- **THE PROBLEM**
Below are entries; repeat exactly, and nothing else, the lines from the one holding "ROK Navy Sailors" through the one holding "à vendre Maison Les Sorinières - Photo 1", inclusive. Leave the pictures out.

[Opening SOURCE DATA section]

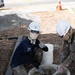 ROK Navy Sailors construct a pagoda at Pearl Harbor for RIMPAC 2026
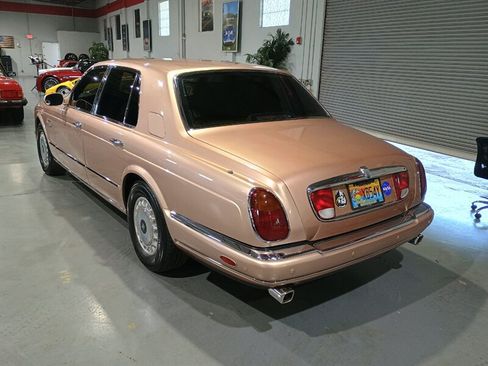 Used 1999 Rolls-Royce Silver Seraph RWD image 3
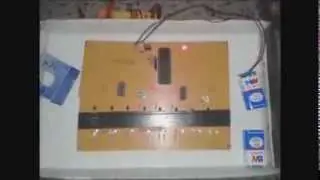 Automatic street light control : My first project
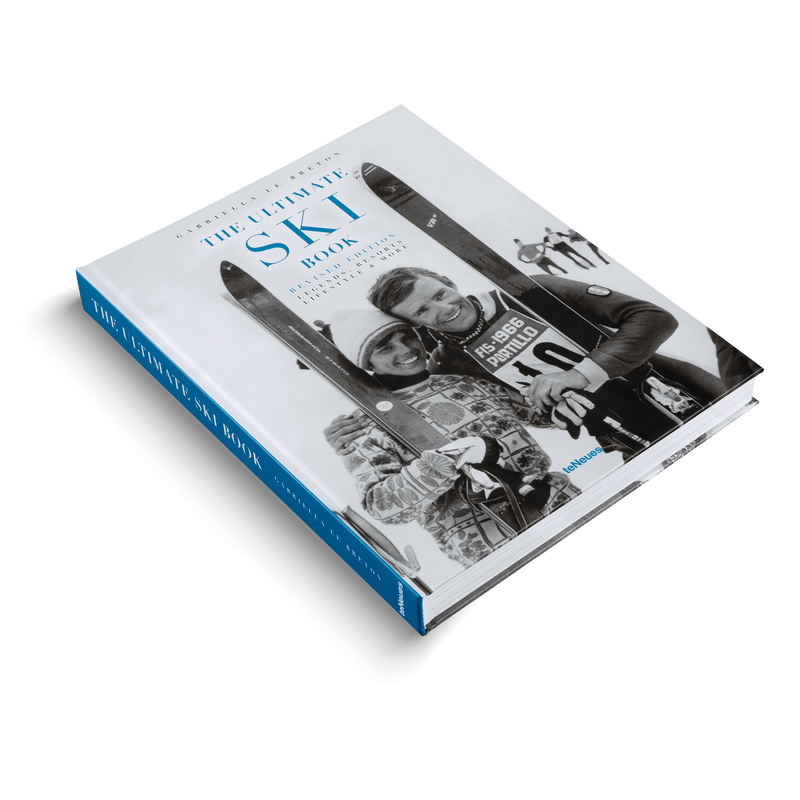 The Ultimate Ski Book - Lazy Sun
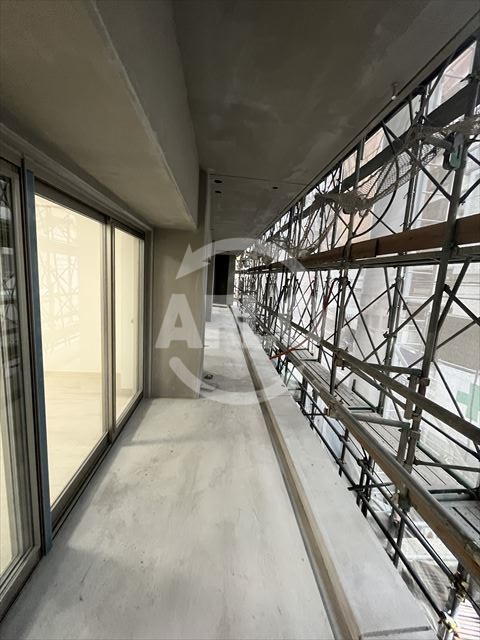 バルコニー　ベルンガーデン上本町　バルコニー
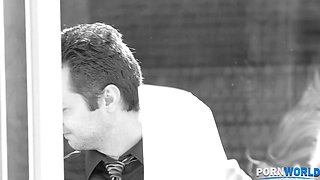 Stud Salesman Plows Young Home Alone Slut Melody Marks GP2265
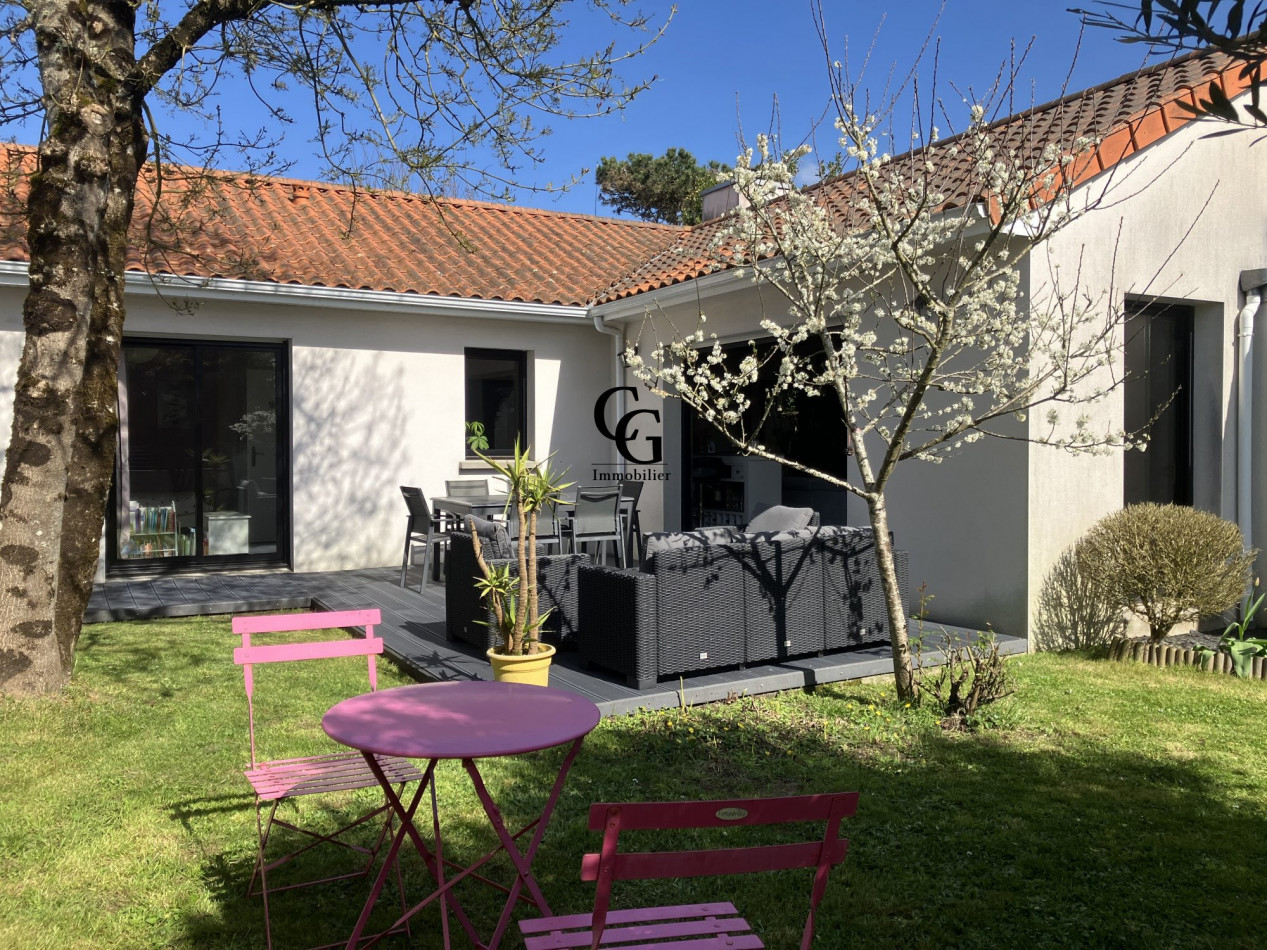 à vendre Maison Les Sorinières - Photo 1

[Closing SOURCE DATA section]
[Opening SOURCE DATA section]

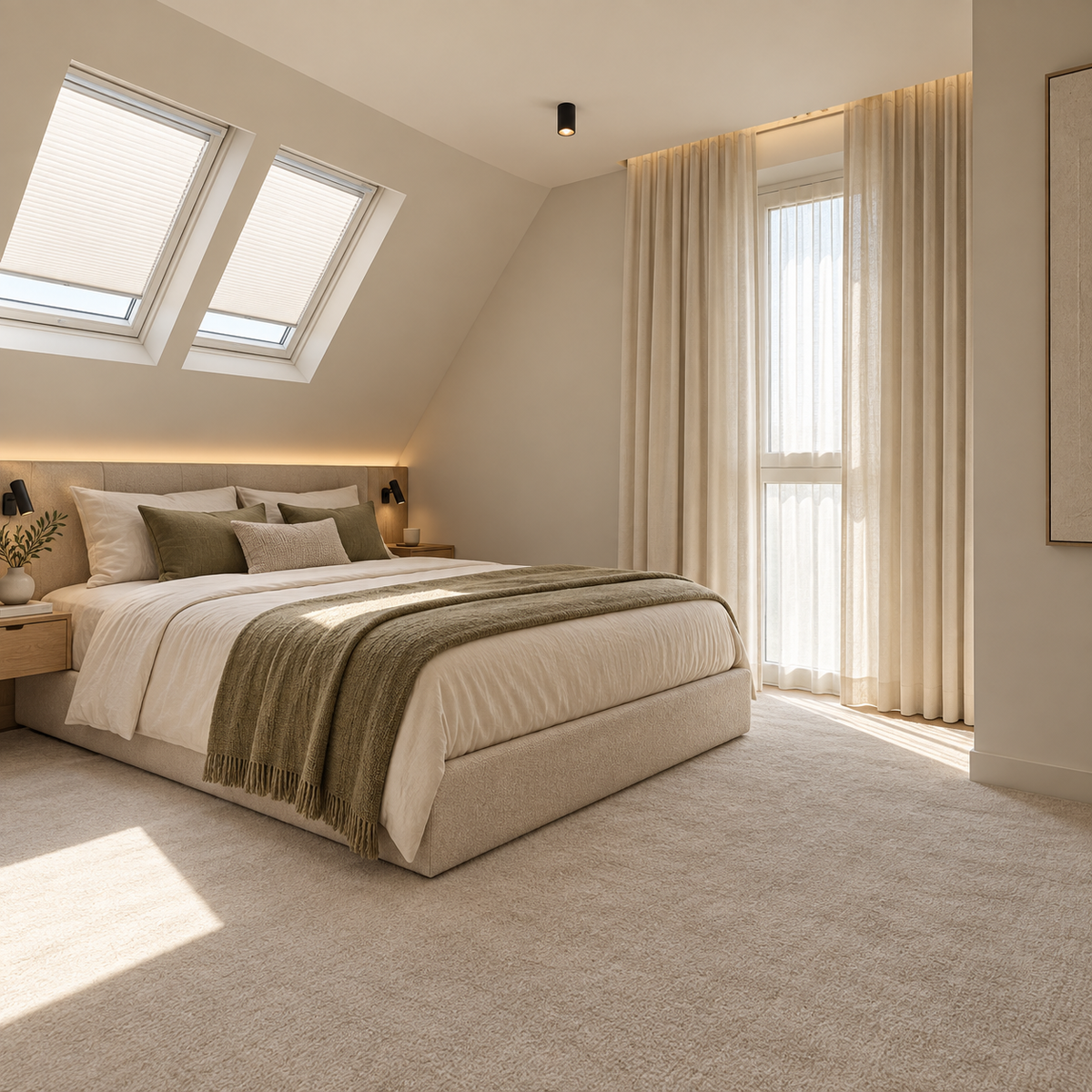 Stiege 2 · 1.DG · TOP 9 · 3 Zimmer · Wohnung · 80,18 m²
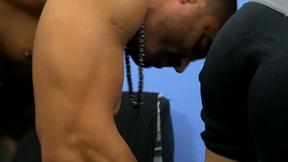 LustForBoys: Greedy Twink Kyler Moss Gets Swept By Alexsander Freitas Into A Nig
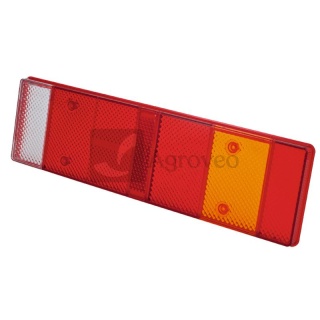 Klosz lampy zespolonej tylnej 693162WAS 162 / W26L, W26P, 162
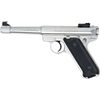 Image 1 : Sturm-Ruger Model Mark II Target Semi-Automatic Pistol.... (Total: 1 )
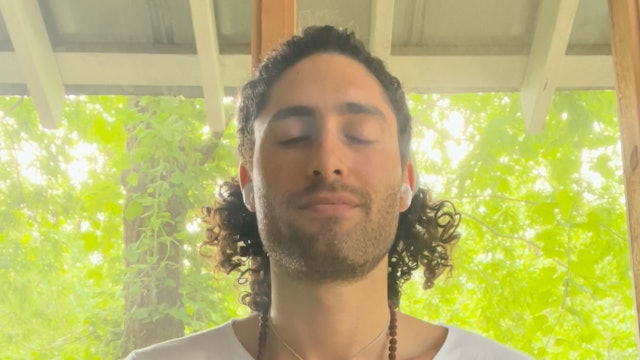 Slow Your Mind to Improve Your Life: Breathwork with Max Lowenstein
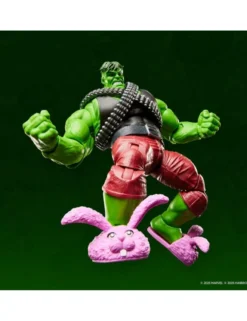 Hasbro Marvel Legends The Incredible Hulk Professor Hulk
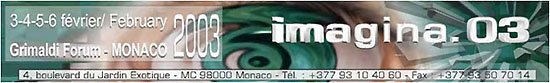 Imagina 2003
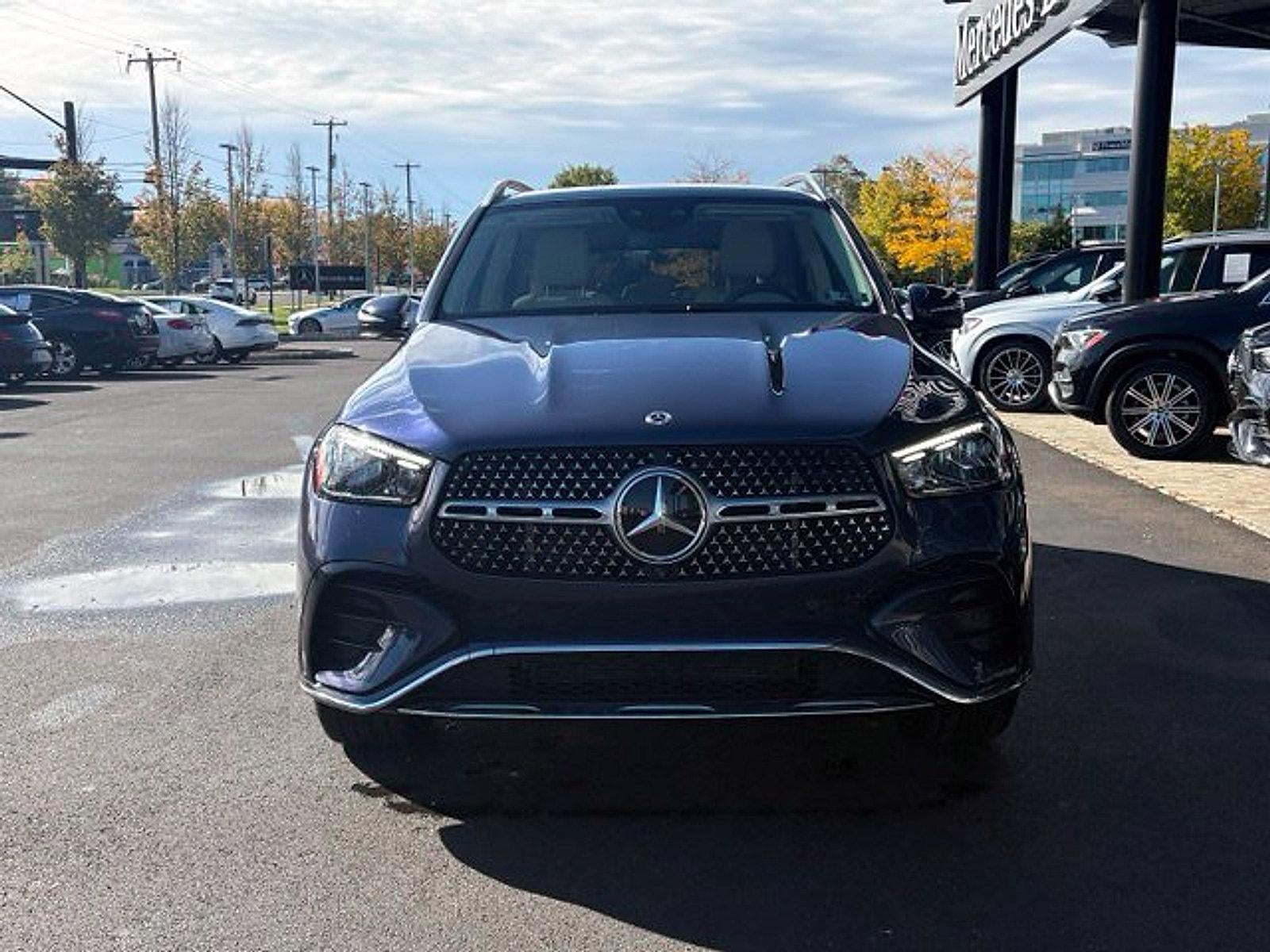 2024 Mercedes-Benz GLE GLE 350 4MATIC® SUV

[Closing SOURCE DATA section]

- **EXERCISE ANSWER**
 ROK Navy Sailors construct a pagoda at Pearl Harbor for RIMPAC 2026
 Used 1999 Rolls-Royce Silver Seraph RWD image 3
 Automatic street light control : My first project
 The Ultimate Ski Book - Lazy Sun
 バルコニー　ベルンガーデン上本町　バルコニー
 Stud Salesman Plows Young Home Alone Slut Melody Marks GP2265
 à vendre Maison Les Sorinières - Photo 1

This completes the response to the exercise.